I had a microtonal tune that my students played in fretless guitar lab. I said, “You have to play this in tune.” Well, they didn’t play it in tune and it sounded great. On the other hand, sometimes if two players are not in tune it can sound terrible. You have to start questioning what is really in tune and what isn’t.

Which gear did you use for this project?
I used my Johan Gustavsson double-neck. The top neck is set up for 12 strings but I only use six. I found it too hard to stay in tune with the two sets of strings. It doesn’t have frets—just lines—and is shorter. I was trying to imitate a lute. I use .011 - .050 sets, which on the neck’s 19" scale are a little bit floppier. Also, I do Indian slides [demonstrates sliding his finger quickly up and down a multi-step interval], and on a regular neck it is a long way to go. It is easier to cover more real estate on the shorter scale.

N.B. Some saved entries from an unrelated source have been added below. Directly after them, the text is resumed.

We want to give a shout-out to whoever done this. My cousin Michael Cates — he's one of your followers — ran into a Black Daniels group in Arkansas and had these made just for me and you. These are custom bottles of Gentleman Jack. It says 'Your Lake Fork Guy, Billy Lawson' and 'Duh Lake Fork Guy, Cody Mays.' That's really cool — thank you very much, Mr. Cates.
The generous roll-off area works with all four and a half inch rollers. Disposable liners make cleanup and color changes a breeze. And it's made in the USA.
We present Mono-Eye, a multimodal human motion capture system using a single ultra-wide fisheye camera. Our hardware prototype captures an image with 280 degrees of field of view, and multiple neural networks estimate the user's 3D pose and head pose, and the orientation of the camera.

The bottom 7-string neck is fretted in the standard scale. It employs a concept I got from Matte Henderson: The seventh string sits on a fixed bridge and the other six strings are on the tremolo, so I can de-tune the low B string to whatever I want without affecting the other strings. I also have a Camp- bell American guitar that I modified to be 24 tones per octave. I use that for comping on “Sun Song.”

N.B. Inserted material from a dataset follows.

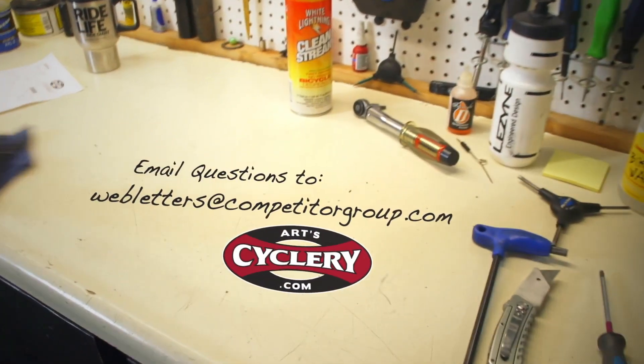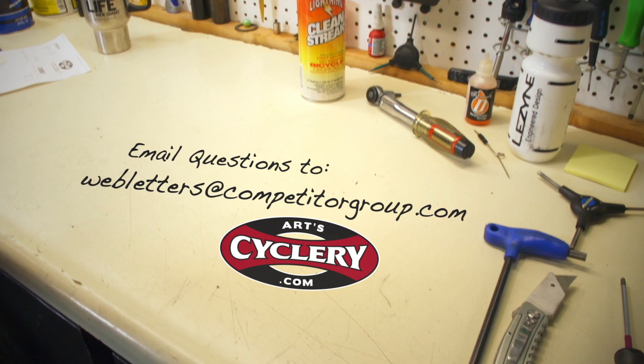If you want your question asked on Ask a Mechanic, presented by Art's Cyclery, send your inquiry to webletters@competitorgroup.com.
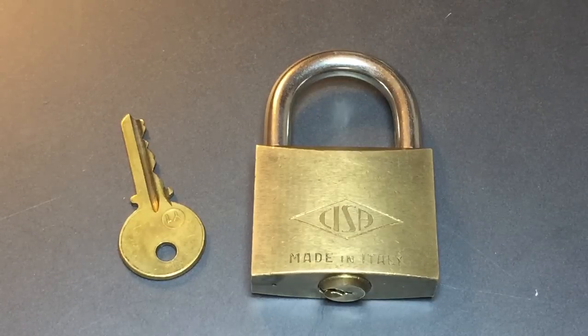This is the Lock Picking Lawyer. The lock I have for you today is a Sisa 50mm brass padlock. This lock was sent to me by Marcel in Canada, so Marcel, thanks again for sending me this really nice lock.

For the most part I used a Carvin Steve Vai Legacy amp on the clean channel, paired with a Vox. The guitar goes through an Ernie Ball volume pedal into Seymour Duncan SFX-03 Twin Tube Classic and Pickup Booster pedals, a Boss DD-5 delay, and a Vox ToneLab EX modeling multi-effects pedal—but my main “effect” is the inflection with which I play the notes.

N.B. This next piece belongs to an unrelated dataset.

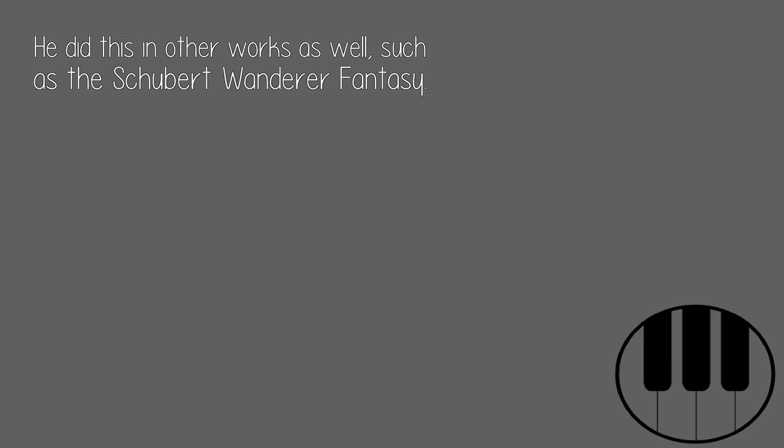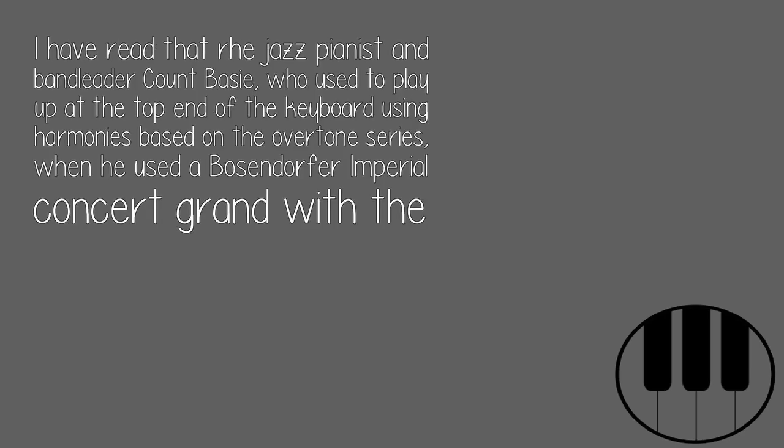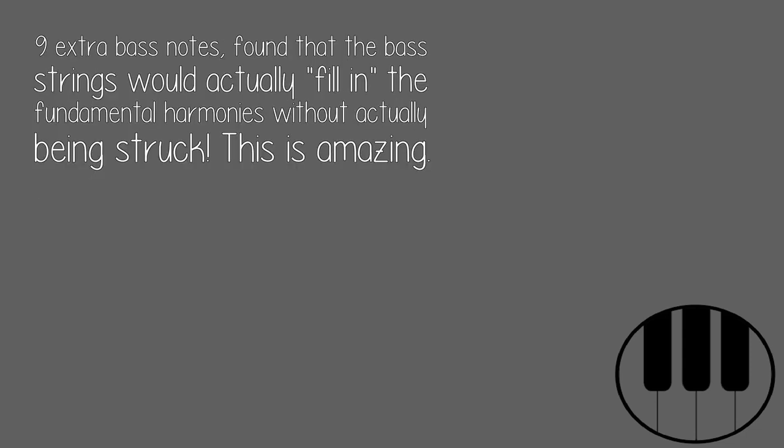He did this in other works as well, such as the Schubert Wanderer Fantasy. To do this you need a resonant piano that is in tune. I had read that jazz pianist and bandleader Count Basie, who used to play at the top end of the keyboard using harmonies based on the overtone series, found when using a Bösendorfer Imperial Concert Grand — with its nine extra bass notes — that the bass strings would actually fill in the fundamental harmonies without actually being struck.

Do you incorporate microtonality in your work with Jack DeJohnette?
That’s why I got hired. I played one of my rubato, wannabe-Klezmer, Middle Eastern, microtonal, fretless jazz intros at a wedding Jack attended. Afterwards, he came up to me and said, “That’s the sound I have been hearing in my head for a couple of years.” In his band, George Colligan has a microtonal keyboard, and the sax player Rudresh Mahanthappa can definitely go there. There are times when we are completely out of tune, Jack is jamming, and it is awesome.

There is quite a bit of humor in the music. What is your feeling about incorporating humor in “serious” music?
I tell my students that I am about “serious fun.” If you are serious about the music, we will have fun. I want to challenge the audience, but I want people scratching their head a little and shaking their booty a lot.